(Collection entries)
▼▼▼
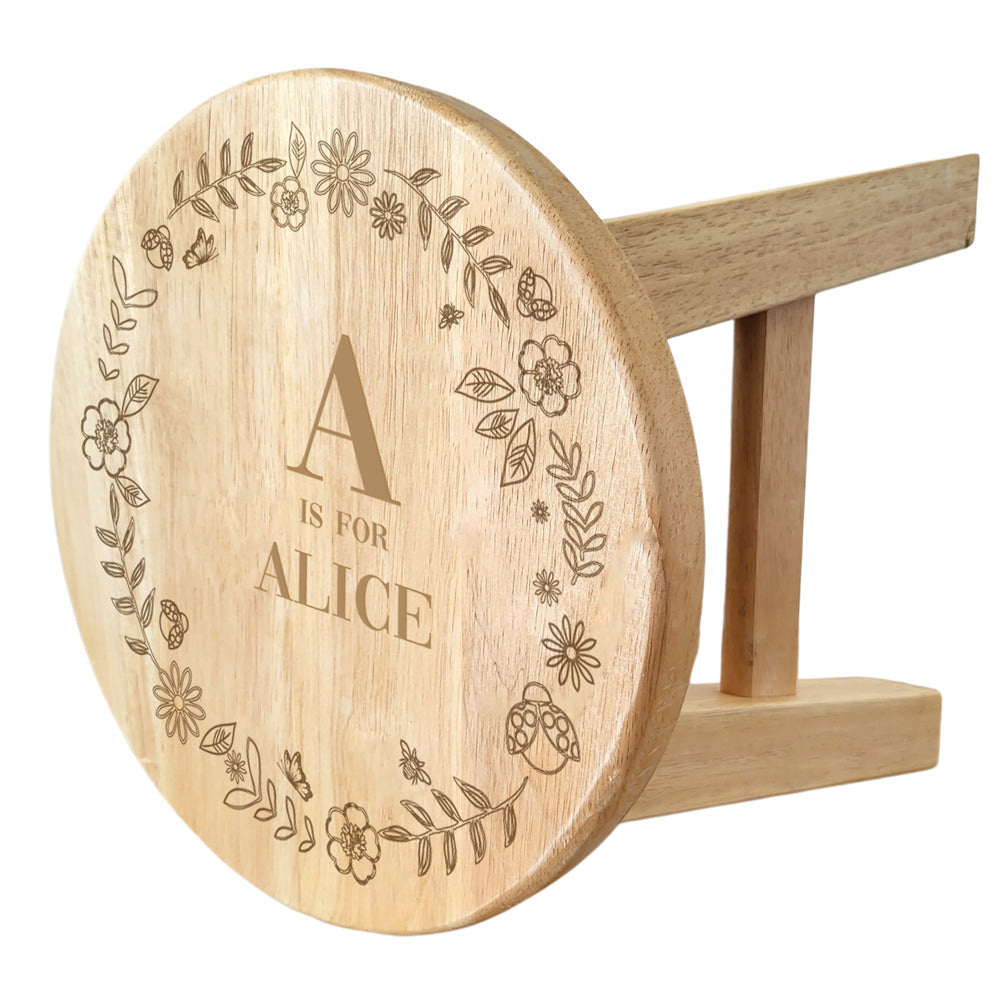 Alphabet Letter - Flowers Wooden Stool - Personalised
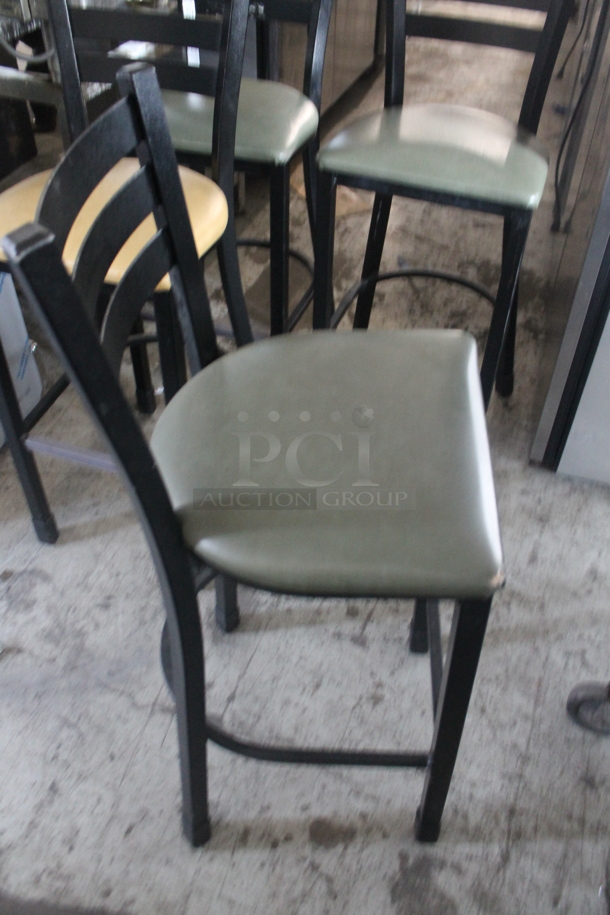 4 Black Metal Bar Height Chairs w/ 1 Yellow and 3 Green Seat Cushions. 4 Times Your Bid! - Image 6 of 6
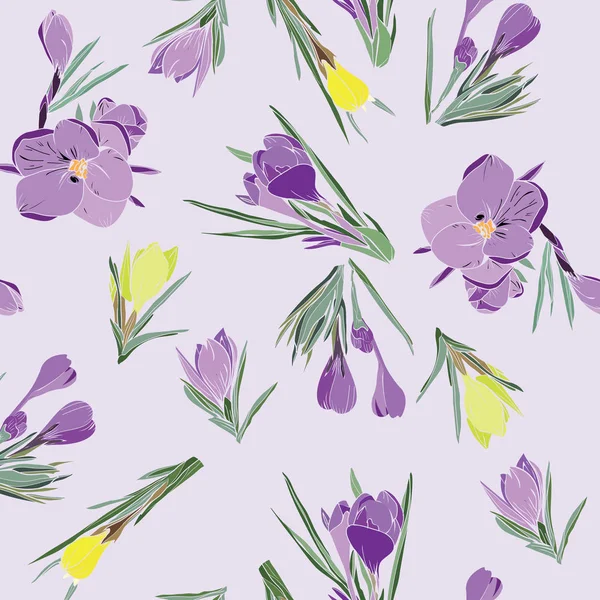 Patroon van Crocus lente bloemen collectie Violet en geel — Stockvector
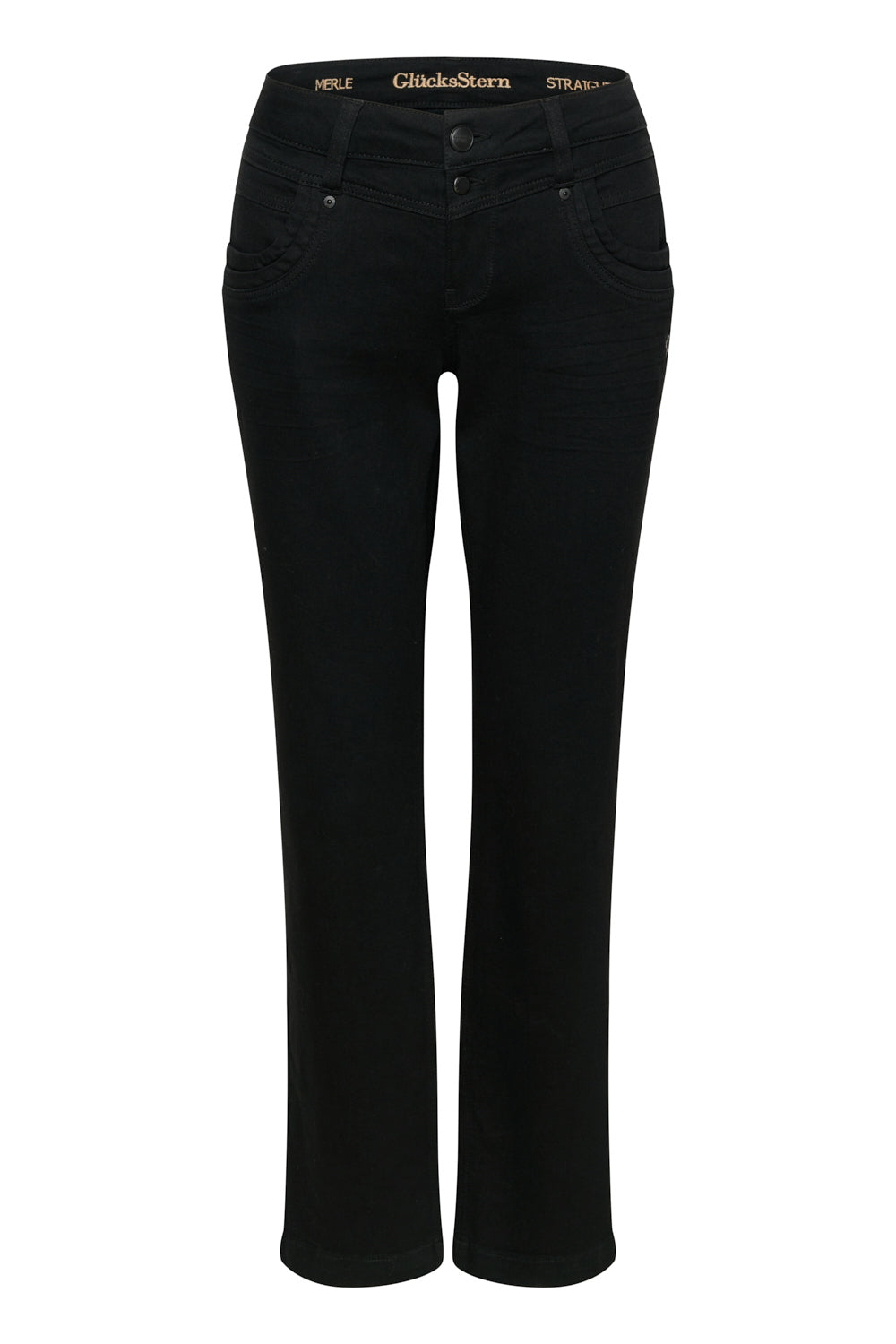 Merle – Straight Leg Jeans in Mandelschwarz mit mittlerer Leibhöhe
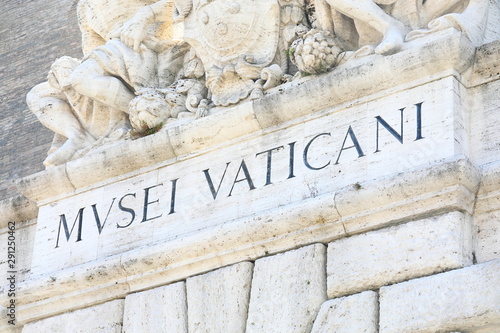 Vatican museum entrance gate Vatican city. Translation for Italian - Vatican museum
▲▲▲
■ What you will do
Please give an exact copy of the lines from the line containing "4 Black Metal" through the end of the records above, pictures excluded.

■ Task result
 4 Black Metal Bar Height Chairs w/ 1 Yellow and 3 Green Seat Cushions. 4 Times Your Bid! - Image 6 of 6
 Patroon van Crocus lente bloemen collectie Violet en geel — Stockvector
 Merle – Straight Leg Jeans in Mandelschwarz mit mittlerer Leibhöhe
 Vatican museum entrance gate Vatican city. Translation for Italian - Vatican museum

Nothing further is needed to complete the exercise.